Task description: As the answer, return precisely the lines from the one containing "OPAQUE.CLIP / オペーク" to the final line of the material below, inclusive, and omit every picture.

──────── Data records

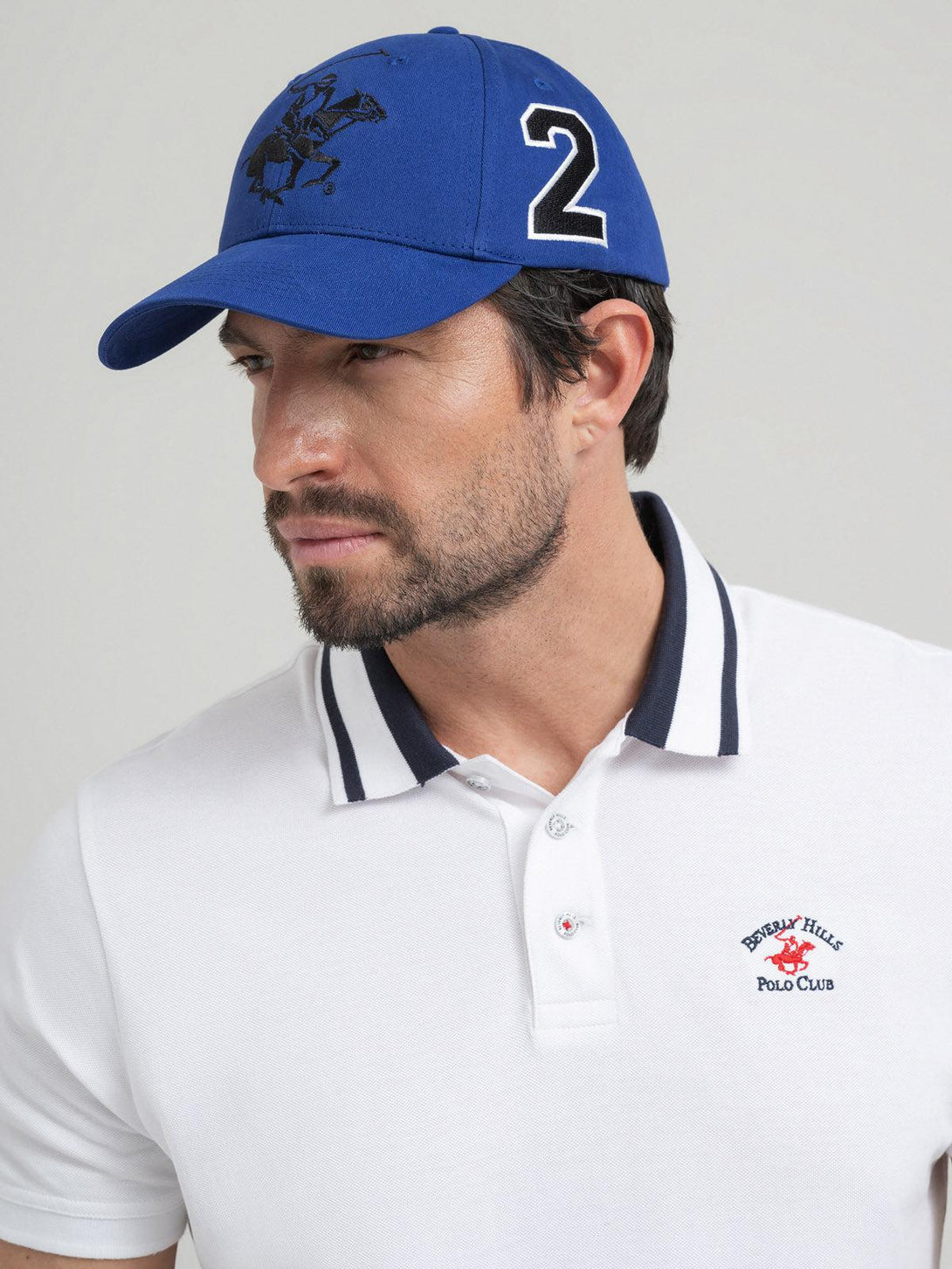 Beverly Hills Polo Club UK-TEAM BASEBALL CAP BALTIC BLUE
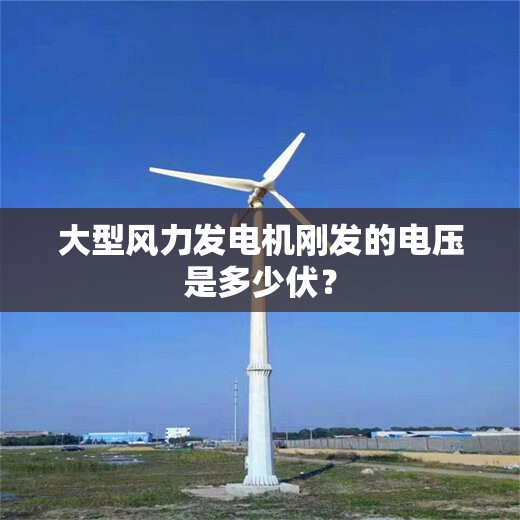 大型风力发电机刚发的电压是多少伏? 大型风力发电机刚发的电压是多少伏?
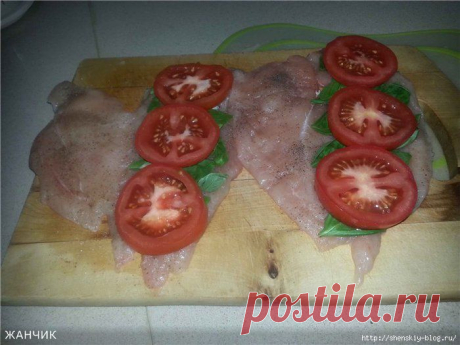 Куриный сэндвич - оригинальная и простая закуска!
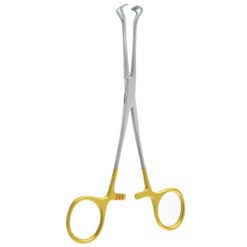 babcock tissue forceps fenestrated tungsten carbide gold handle surgical intestinal gynecological instrument pak line industries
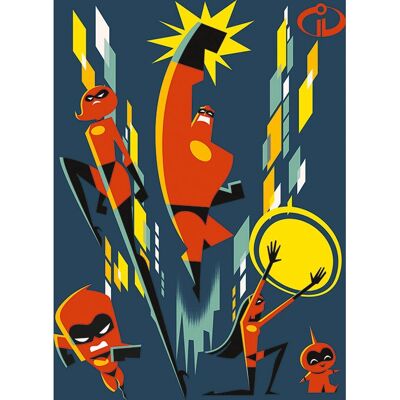 Disney Multi-Colour Canvas Poster 60x80cm - Poster Disney Multi-Colour Canvas Poster 60x80cm - Poster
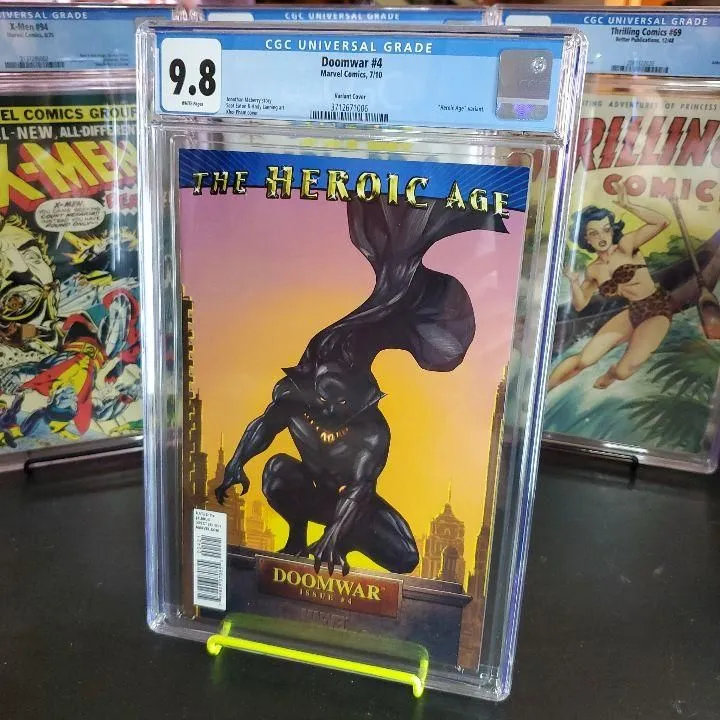 Product image for Doomwar #4 (2010) Black Panther 1:15 Variant
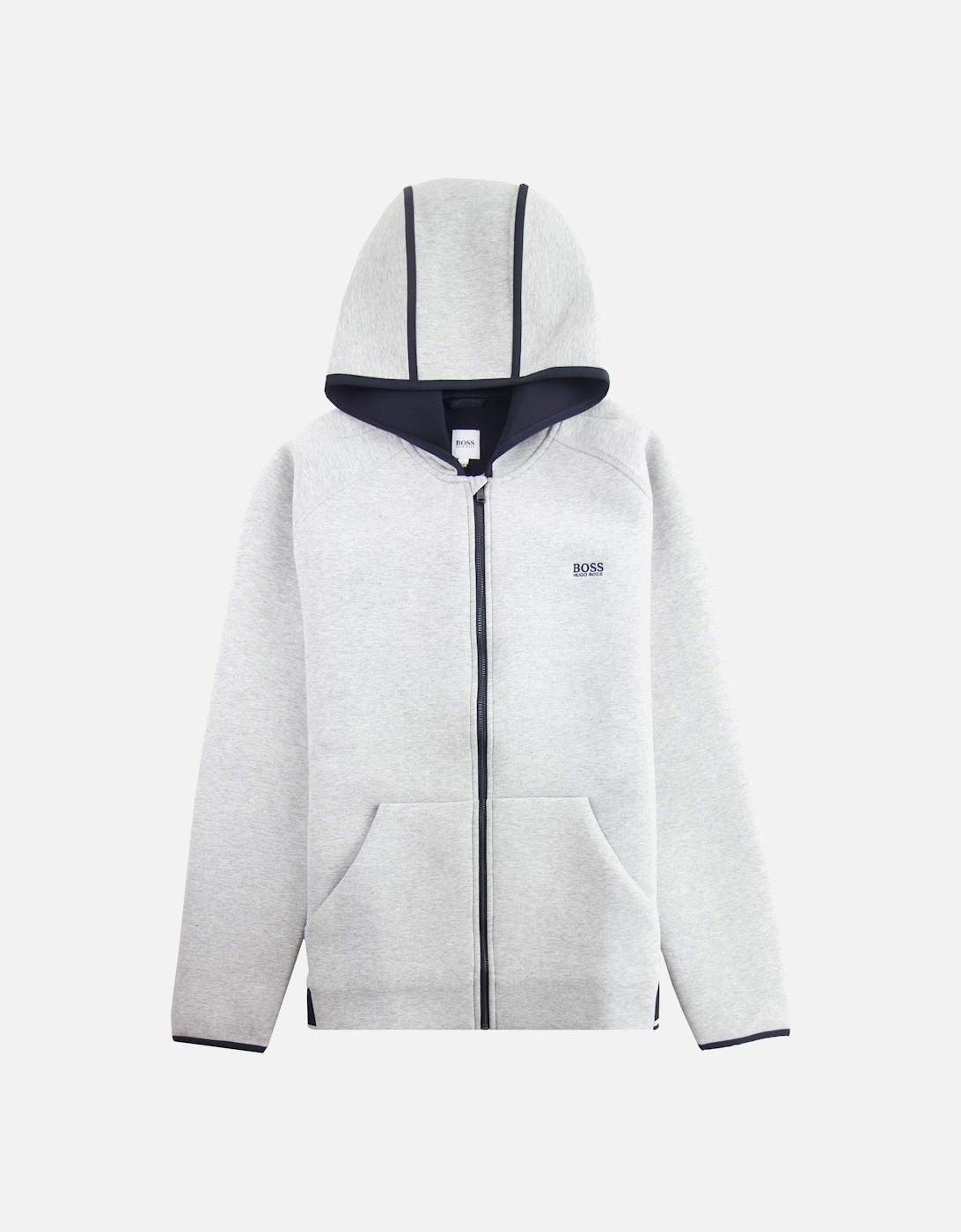 Kids Small Logo Hooded Sweatshirt Grey Marl, 4 of 3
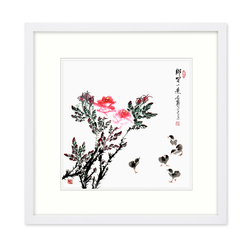 中国俊彬书画院副院长 李丽芳《乡间一景》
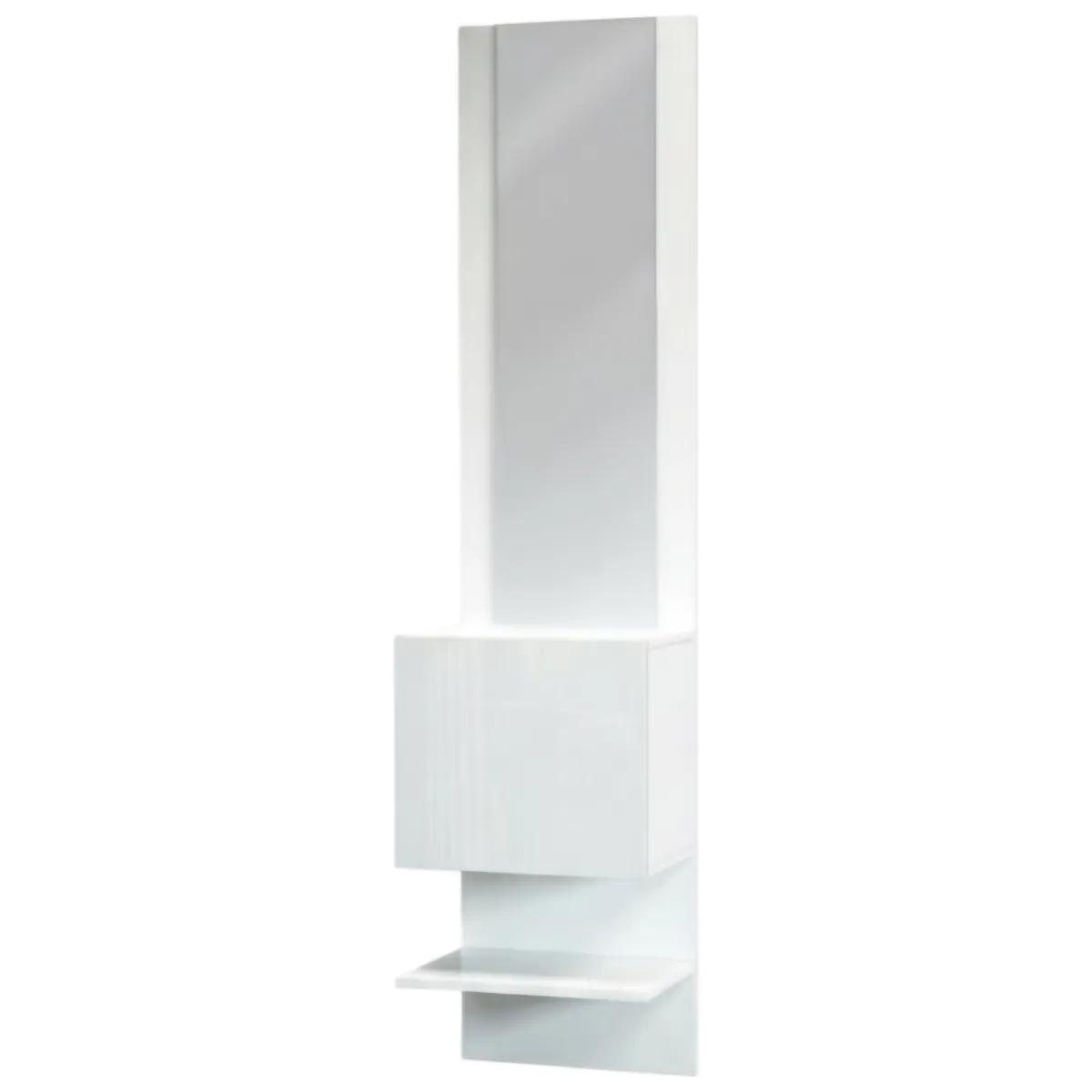 Mobili Da Ingresso|Ingresso > Dmora Mobile ingresso da parete 45x190h cm - Ivana Bianco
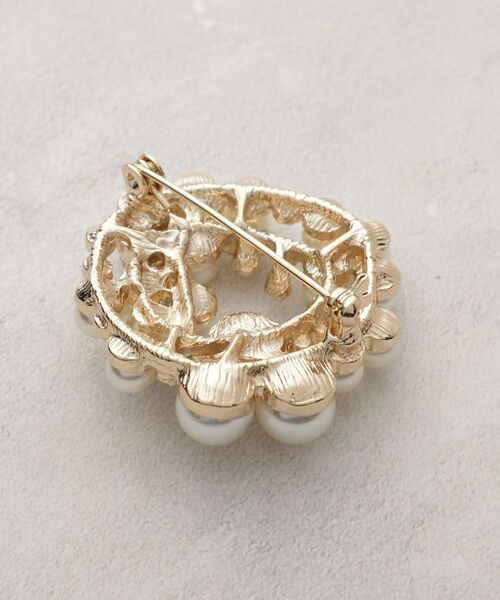 OPAQUE.CLIP / オペーク ドット クリップ ブローチ・コサージュ | フェイクパール×ビジュー ラウンドブローチ | 詳細2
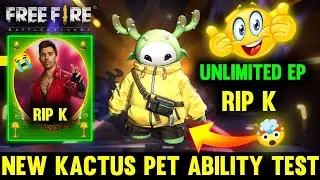 අලුත්ම EP මැෂිම | Free Fire OB38 New Pet Kactus Ability Test 2023 | FF OB38 Update Full Review 2023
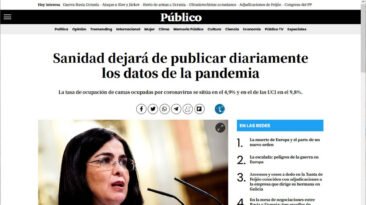 Ante la mortandad en masa que se avecina, el masónico gobierno de España anuncia que dejará de publicar los datos de «fallecidos» por la falsa pandemia (febrero 2 de 2022). https://uncatolicoperplejo.com/sanidad-anuncia-que-dejara-de-publicar-los-datos-de-fallecidos-por-la-falsa-pandemia/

────────────────

Result of the exercise:
 OPAQUE.CLIP / オペーク ドット クリップ ブローチ・コサージュ | フェイクパール×ビジュー ラウンドブローチ | 詳細2
 අලුත්ම EP මැෂිම | Free Fire OB38 New Pet Kactus Ability Test 2023 | FF OB38 Update Full Review 2023
 Ante la mortandad en masa que se avecina, el masónico gobierno de España anuncia que dejará de publicar los datos de «fallecidos» por la falsa pandemia (febrero 2 de 2022). https://uncatolicoperplejo.com/sanidad-anuncia-que-dejara-de-publicar-los-datos-de-fallecidos-por-la-falsa-pandemia/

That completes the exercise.